To, co przeżyła siostra Maria, jest „pięknym przykładem: Kościół matka”. I jeszcze, kontynuował Papież, „zastanawiam się: czy matki, babcie są jak te dwie, o których mówi Paweł — 'babka Lois' i 'matka Eunice', które przekazały wiarę, autentyczną wiarę?”. Może, przeciwnie, myśli się raczej, że dziecko „nauczy się, kiedy zacznie chodzić na katechizację”. Jednak, stwierdził Franciszek, „powiem wam: ogarnia mnie smutek, kiedy widzę dzieci, które nie potrafią się przeżegnać, a nie umiejąc dobrze zrobić znaku krzyża, wiedzą, że coś powinny zrobić i wykonują jakiś rysunek, bo brakuje mamy albo babci, które by je tego nauczyły”.

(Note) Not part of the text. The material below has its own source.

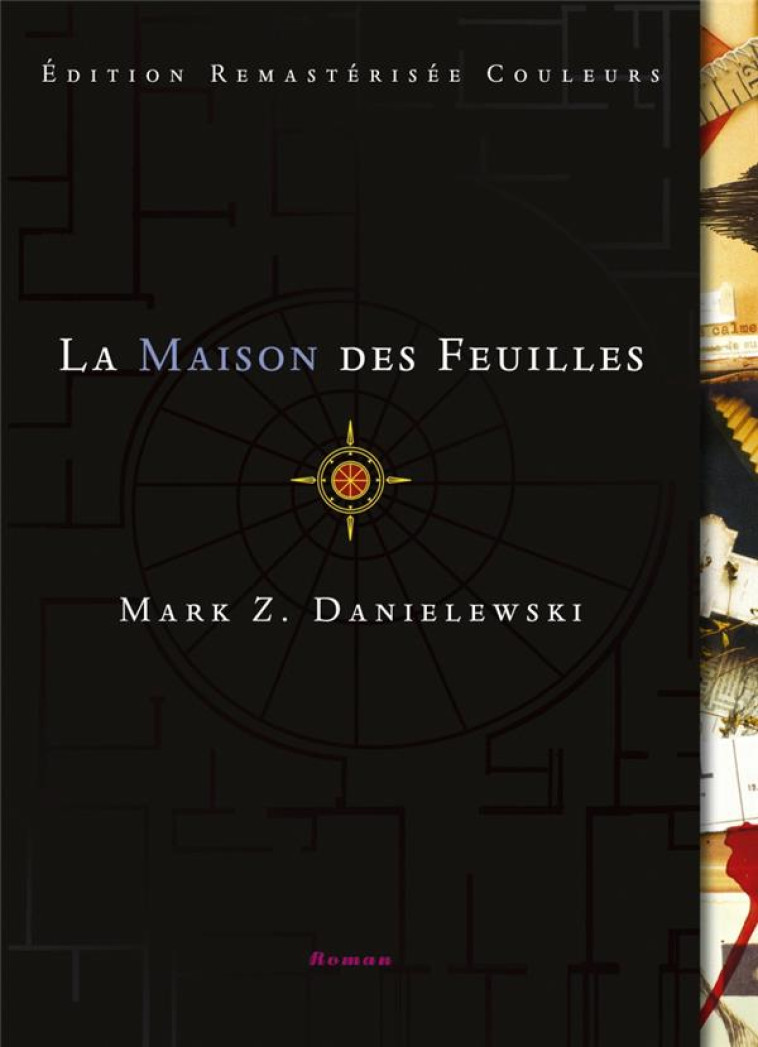 LA MAISON DES FEUILLES - DANIELEWSKI, MARK Z. - LOUVERTURE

„Jakże często — dodał Papież — myślę o tym, czego uczy się podczas przygotowania do małżeństwa narzeczoną, tę, która będzie mamą — czy uczy się ją, że ma przekazywać wiarę? Czy przygotowuje się ją do przekazywania wiary? Mama jest symbolem Kościoła matki, także babcia. To jest kobiecy wymiar zbawienia. Maryja, Kościół, matka, babcia — wszystkie te wymiary i w tym winna być przekazywana wiara”.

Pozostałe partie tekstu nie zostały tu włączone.